312 - A Phase II Trial of Hypofractionated Radiotherapy for Older Adults with Head and Neck Squamous Cell Carcinoma

12:45pm - 12:55pm PT

Room 314

Presenter(s)

Daniel Dickstein, MD - Icahn School of Medicine at Mount Sinai, New York, NY

D. R. Dickstein¹, G. Van Hyfte², O. Factor¹, E. J. Lehrer³, A. Powers⁴, S. Reed¹, E. Nvepu¹, L. Worona⁵, S. Sharma⁶, K. Sindhu¹, J. T. Liu¹, V. Gupta¹, S. A. Roof⁴, D. Kirke⁴, M. Posner⁷, K. Misiukiewicz⁵, E. Genden⁴, and R. L. Bakst¹; ¹Department of Radiation Oncology, Icahn School of Medicine at Mount Sinai, New York, NY, ²Department of Population Health Science & Policy, Icahn School of Medicine at Mount Sinai, New York, NY, ³Department of Radiation Oncology, Mayo Clinic, Rochester, MN, ⁴Department of Otolaryngology, Head & Neck Surgery, Icahn School of Medicine at Mount Sinai, New York, NY, ⁵Division of Hematology and Medical Oncology, Department of Medicine, Icahn School of Medicine at Mount Sinai, New York, NY, ⁶Summit Health, Berkeley Heights, NJ, ⁷Tampa General Hospital Cancer Institute/Cancer Center of South Florida, Palm Springs, FL

Purpose/Objective(s): Older adults with head and neck squamous cell carcinoma (HNSCC) remain underrepresented in clinical trials, resulting in gaps in consensus regarding optimal management.
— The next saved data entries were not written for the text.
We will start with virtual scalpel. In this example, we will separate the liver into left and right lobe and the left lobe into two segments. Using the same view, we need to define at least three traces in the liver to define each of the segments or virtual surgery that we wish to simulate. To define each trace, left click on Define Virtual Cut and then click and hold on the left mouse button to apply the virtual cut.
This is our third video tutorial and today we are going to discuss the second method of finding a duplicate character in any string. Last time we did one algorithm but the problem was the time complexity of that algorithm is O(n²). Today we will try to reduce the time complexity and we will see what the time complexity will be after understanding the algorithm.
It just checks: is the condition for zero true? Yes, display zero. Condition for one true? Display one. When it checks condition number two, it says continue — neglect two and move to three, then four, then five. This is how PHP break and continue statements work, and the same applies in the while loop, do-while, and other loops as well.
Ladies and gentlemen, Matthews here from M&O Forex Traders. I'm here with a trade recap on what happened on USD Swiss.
Treatment for this population is often complicated by morbidity and treatment interruptions due to toxicity and treatment length, leading to worse disease control. This phase II trial evaluated the efficacy, safety, and impact on quality of life of hypofractionated radiotherapy (RT) in older adults with HNSCC.
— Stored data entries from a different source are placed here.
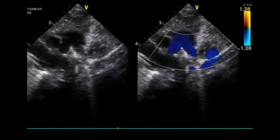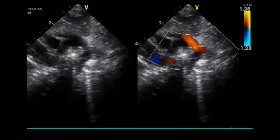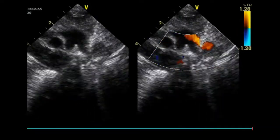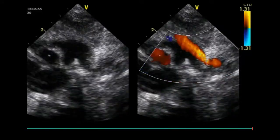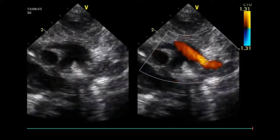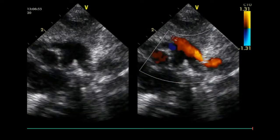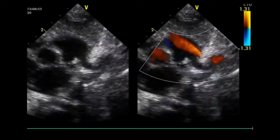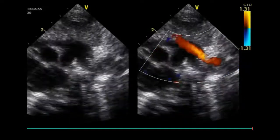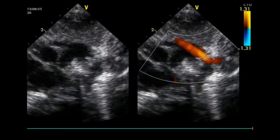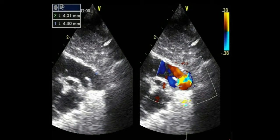The most accurate view for measuring the size of the DA is the high left parasternal short axis window, also called the ductal view, concentrating on the main pulmonary artery. The origin of the right pulmonary artery, which is not always visible, and of the left pulmonary artery can be visualized; the DA is positioned to the left of it. The DA should be measured at its narrowest point, before its entry into the main pulmonary artery.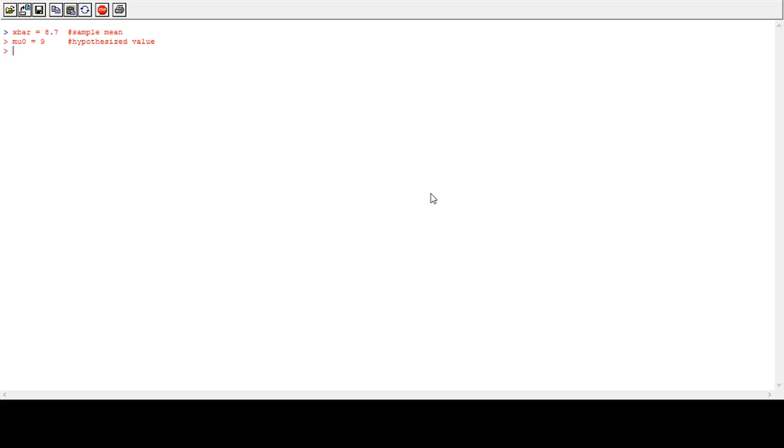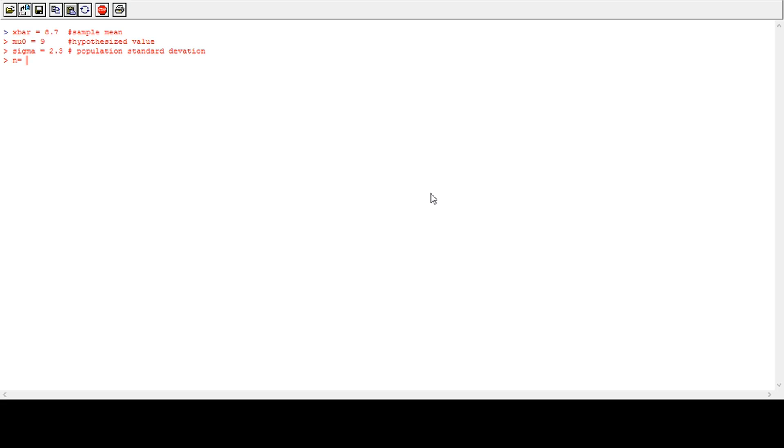And we have sigma 2.3. It is a population standard deviation. And we have sample size, which is 50. It is a sample size.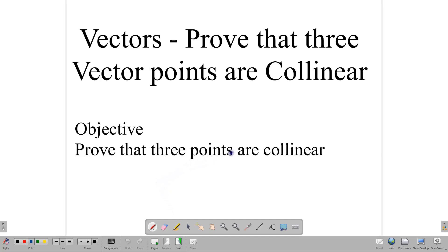Hello everyone, and welcome back to our video class here at C-SIG Maths Tutor. Today we are wrapping up our vectors topic, and this is the last lesson in the series of vectors.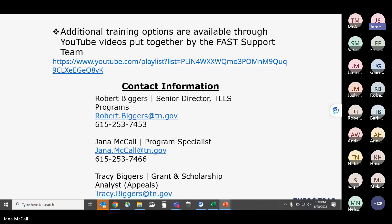For name corrections, TSAC deletes the portal account and asks the student to create a new one. Institutions can email TSAC to get students' information corrected on their application. This process is the same for Tennessee Promise — transposed letters in a name or numbers in a Social Security number are handled the same way.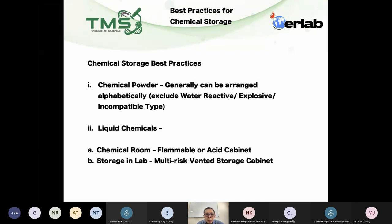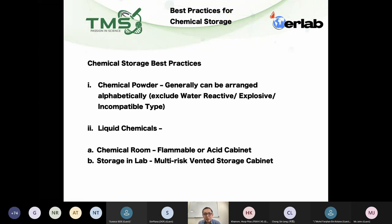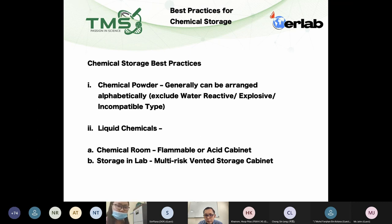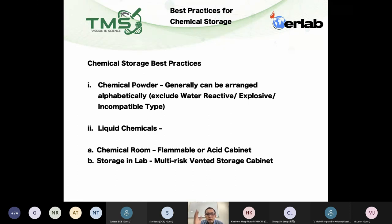Let's start with powder and liquid chemicals — we should segregate these two types. For chemical powders, you can arrange them alphabetically, A, B, C, D. Of course, you must segregate water-reactive powders, explosive powders, or those incompatible with the rest into separate cabinets. For the others, you can arrange them alphabetically on the appropriate rack or shelf.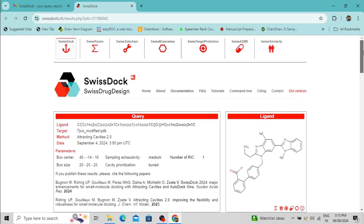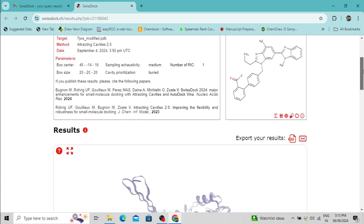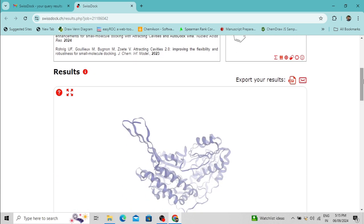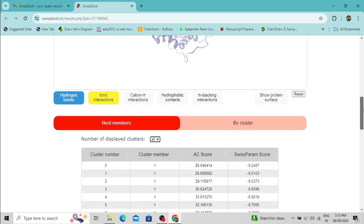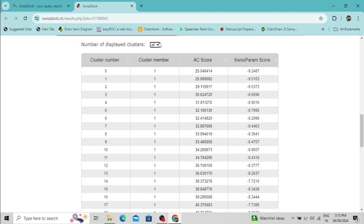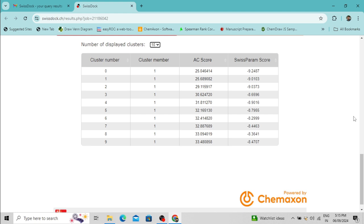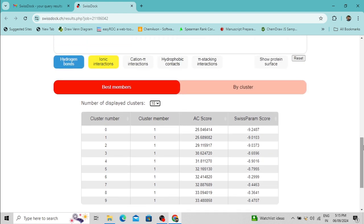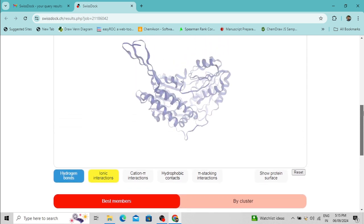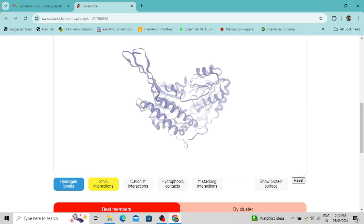The docking is now running. The molecular docking has finished and the result is presented here — I received an email containing the link to the result. These are the cluster numbers. When molecular docking is performed, several docking poses are obtained and these docking poses are clustered based on their similarities. The region enclosed in the grid box is visible here.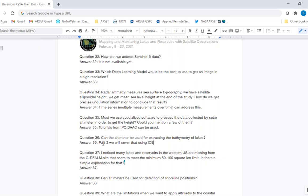Many lakes and reservoirs in the western US are missing from the G-REALM site. There is no simple explanation — it was likely a USDA/Foreign Agricultural Service application-based decision of which lakes to include in the data. Can altimeters be used for detection of shoreline position? No — you need an image to do that. An altimeter only provides a radar echo at nadir and would not provide an image. Optical data like those discussed last week are needed to look at shoreline position.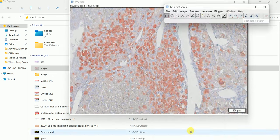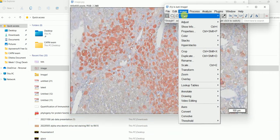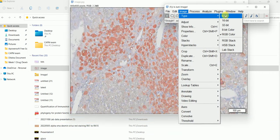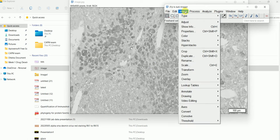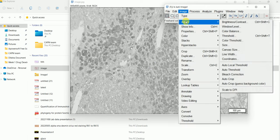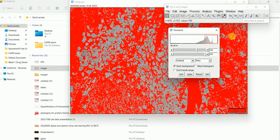To do so, go to Image, then go to Type and convert it to an 8-bit image. So: Image > Type > 8-bit. After this, go to Image again, then go to Adjust, then go to Threshold.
Materials/Methods: Participants (pts) with HNSCC at least 70 years old and ECOG 1+ were enrolled to definitive (def) RT (45 Gy in 15 daily fractions) or adjuvant (adj) RT (40.5 Gy in 15 daily fractions) without systemic therapy on a prospective trial (NCT04284540). Inclusion criteria for the def arm comprised pts deemed unfit for standard of care and the adj arm additionally included pts with adverse features on pathology following resection. The primary endpoint was locoregional control (LRC) at 6 months. Secondary endpoints included overall survival (OS) and disease-free survival (DFS) at 1 year, toxicity graded with CTCAE version 4.0, and health-related quality of life measured with the FACT-H&N trial outcome index (range: 0-96).
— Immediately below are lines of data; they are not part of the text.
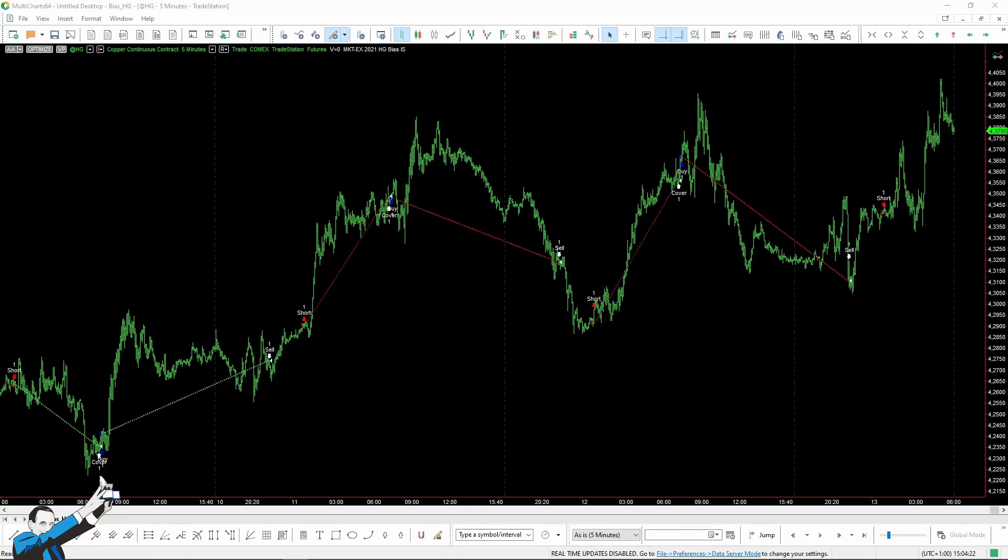Hey guys, welcome back. Today we're going to be focusing on the specific characteristics of a market that belongs to the metal sector, copper.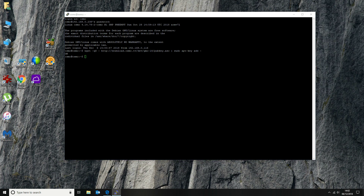Once that's done, the next thing we want to do is edit our sources list. You can either use nano or vi — I prefer vi. We want to run this as a sudo command because we're not logged in as root, and I don't want to allow root login, so I'll just use sudo.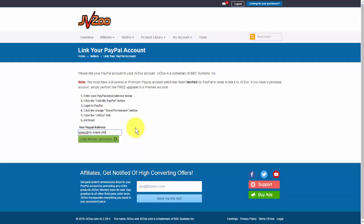All you have to do is log in to the PayPal account, click on the orange Grant Permission button. Once you're done, click on the JVZoo link and you're good to go.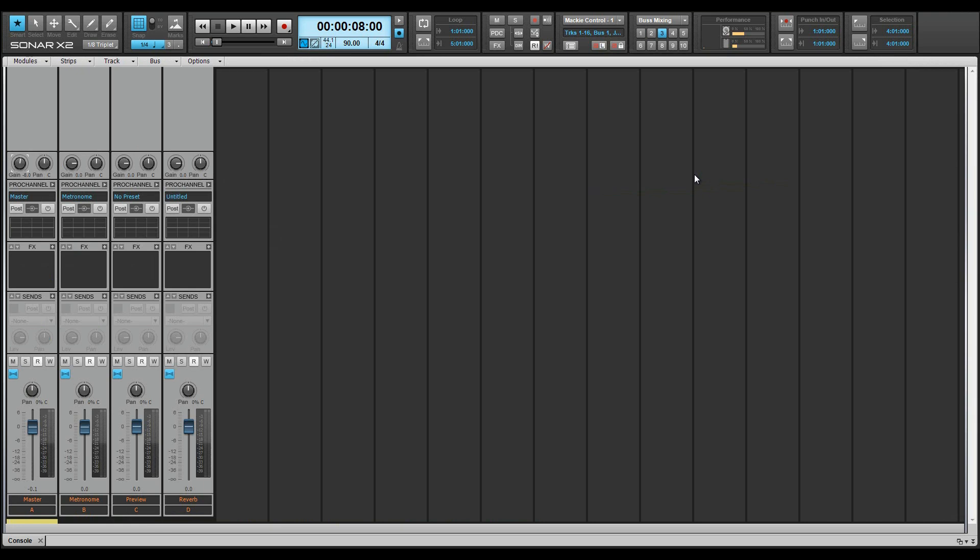Already you can see that once set up, screen sets can save an enormous amount of window dragging, resizing, and scrolling, not to mention changing settings.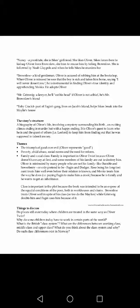Oliver Twist has been the subject of numerous adaptations across various media, including a highly successful musical play, Oliver, and a multiple Academy Award-winning 1968 motion picture. Disney also adapted the novel with the animated film Oliver and Company in 1988.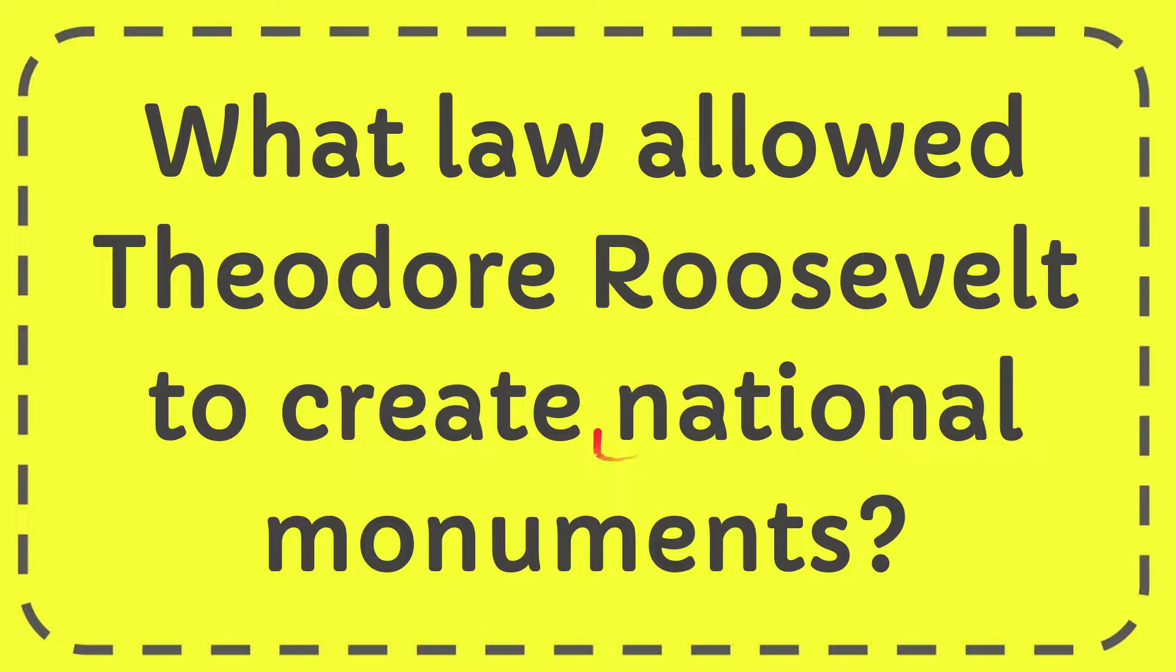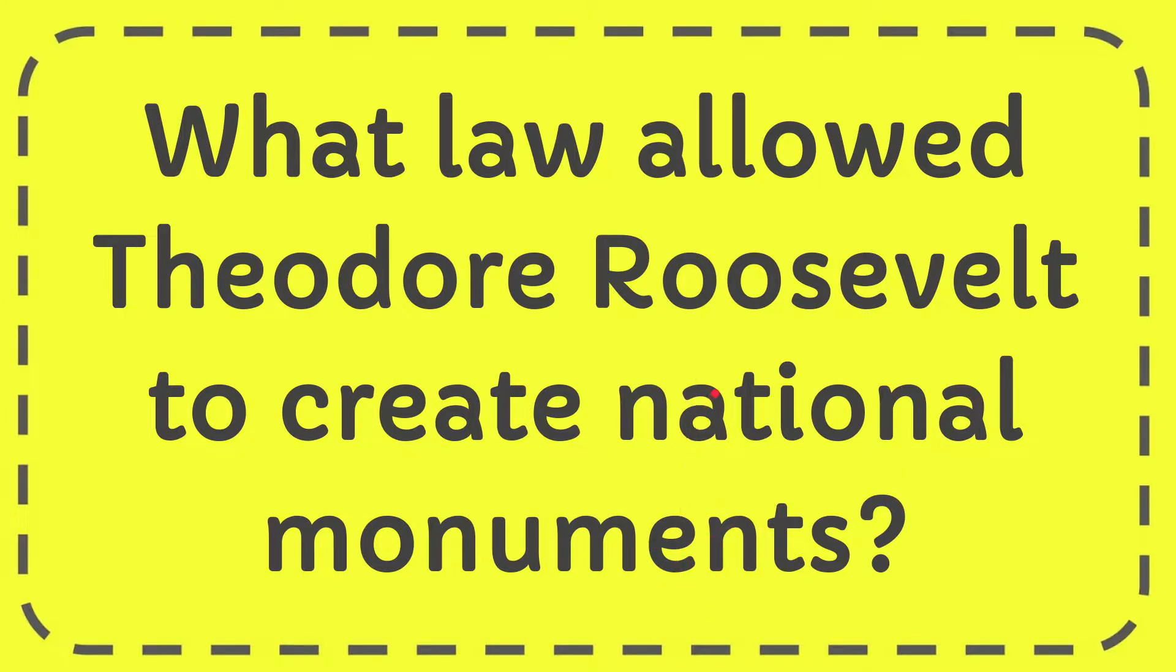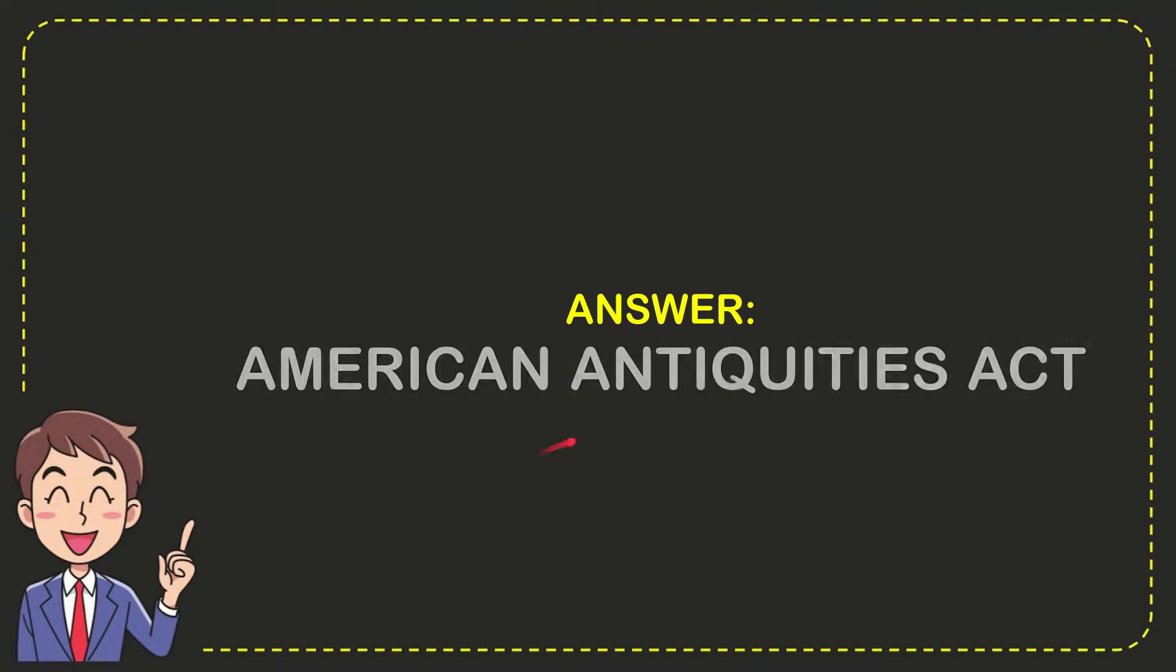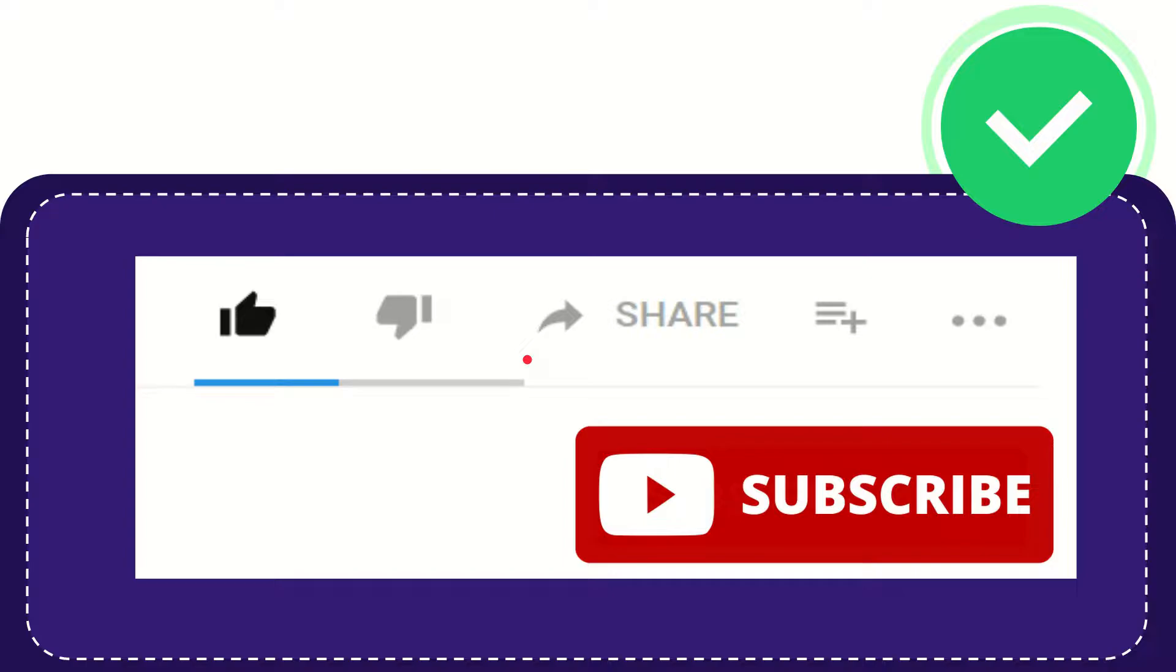In this video I'm going to give the answer to this question: What law allowed Theodore Roosevelt to create national monuments? Well, now I'll give you the answer to this question, and the answer is American Antiques X. That is the answer to the question.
Results: From 2019 to 2024, 34 pts underwent hypofractionated RT (19 adj; 15 def). Median age was 83 years (interquartile range [IQR]: 79-86); 71% had Stage III/IV disease. Median follow-up was 17 months (IQR: 10-40) for all pts and 23 months (IQR: 10-40) for alive pts. Four pts (all def) died from unrelated causes before primary endpoint evaluation. LRC at 6-months was 82.9% (95% CI: 67.0%-100.0%) for the adj cohort (n=19) and 86.1% (62.9%-98.1%) for the def cohort (n=11). OS and DFS at 1 year were 81.4% (95% CI: 64.5%-100.0%) and 72.0% (95% CI: 53.9%-96.3%), respectively, for adj pts, and 72.2% (95% CI: 52.4%-99.6%) and 58.3% (95% CI: 34.0%-100.0%), respectively, for def pts. Six pts developed grade 3+ toxicity (adj: 2 dysphagia, 2 odynophagia; def: 1 dysphagia, 1 odynophagia). Six pts experienced treatment interruptions (adj: 2; def: 4), none related to toxicity. Of pts who completed questionnaires at baseline and 1-year (52%), quality of life improved significantly in adj pts (baseline: 52 [IQR: 44-69]; 1-year: 67 [IQR: 60-77]; p=0.02) but not in def pts (baseline: 69 [IQR: 47-73] to 1-year: 81 [IQR: 65-92]; p=0.85).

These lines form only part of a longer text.